[Start of section]

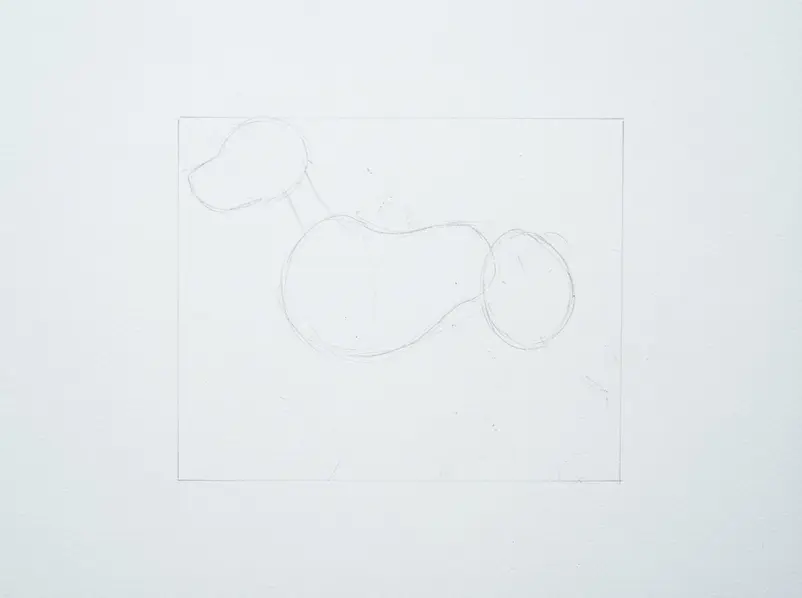 Light pencil center lines mark the dog’s pose and facial direction on clean white drawing paper.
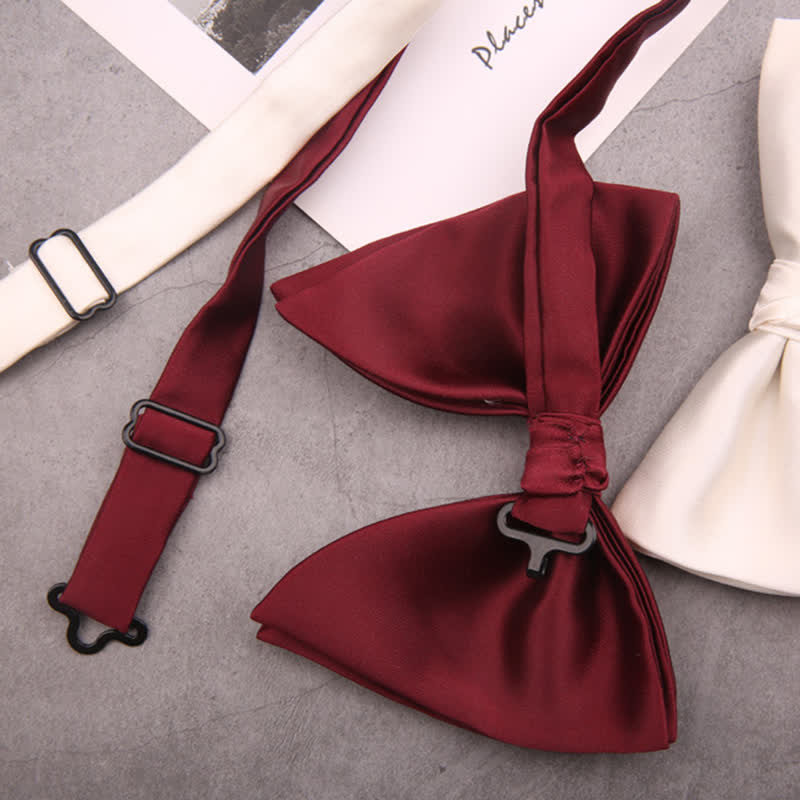 Men's British Style Solid Color Oversized Pointed Bow Tie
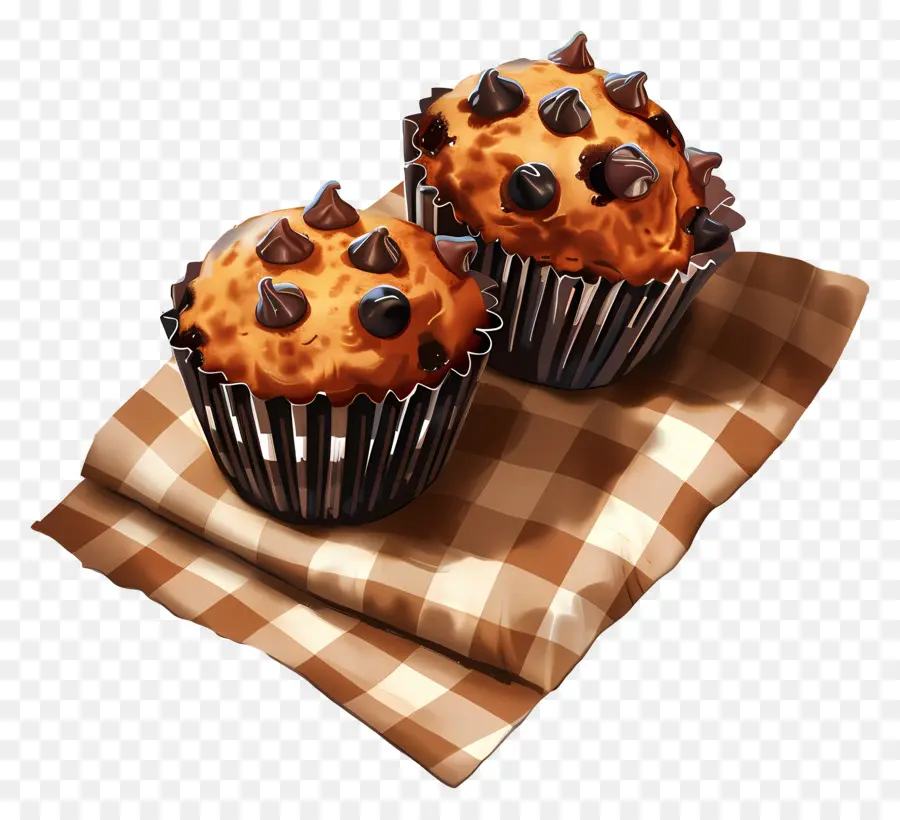 Muffin Keping Coklat，Dipanggang PNG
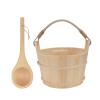 budiniao Handmade Sauna Bucket and Ladle Set Durable Wood Large Capacity Comfortable Sauna Accessories with Wooden Spoon Bucket and Ladle Set Handmade Bathroom view 4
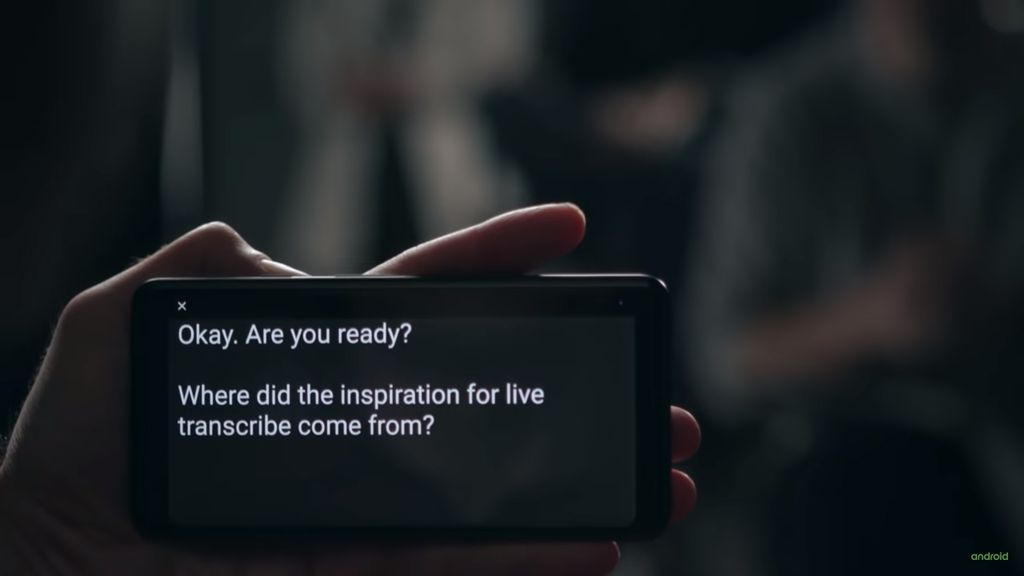 Tela do Live Transcribe em uso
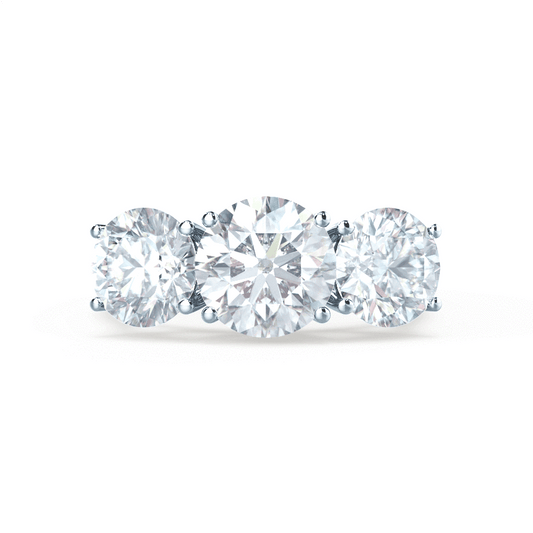 1.50 CT Round Shaped Moissanite Three Stone Style Engagement Ring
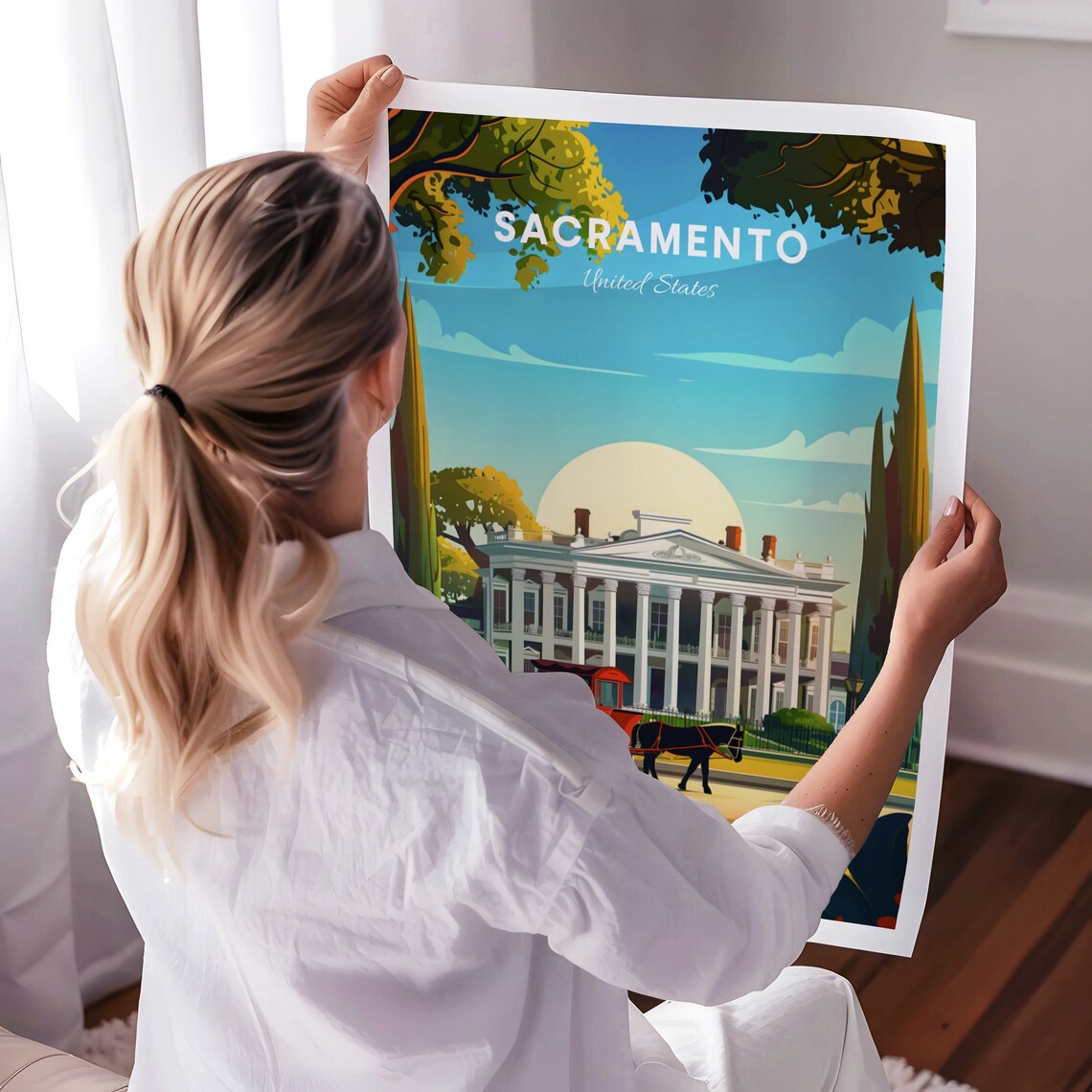 Sacramento Stanford Mansion Horse Drawn Carriage Historic Poster - Image 3
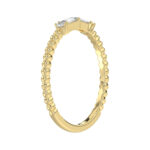 Ladies 10K Yellow Gold 0.16CT Round & Baguette Diamond Style Ring - Image 4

[End of section]

Beginning with the first line of the records and ending with the line that contains "budiniao Handmade Sauna", reproduce every line exactly, omitting pictures and adding nothing.

 Light pencil center lines mark the dog’s pose and facial direction on clean white drawing paper.
 Men's British Style Solid Color Oversized Pointed Bow Tie
 Muffin Keping Coklat，Dipanggang PNG
 budiniao Handmade Sauna Bucket and Ladle Set Durable Wood Large Capacity Comfortable Sauna Accessories with Wooden Spoon Bucket and Ladle Set Handmade Bathroom view 4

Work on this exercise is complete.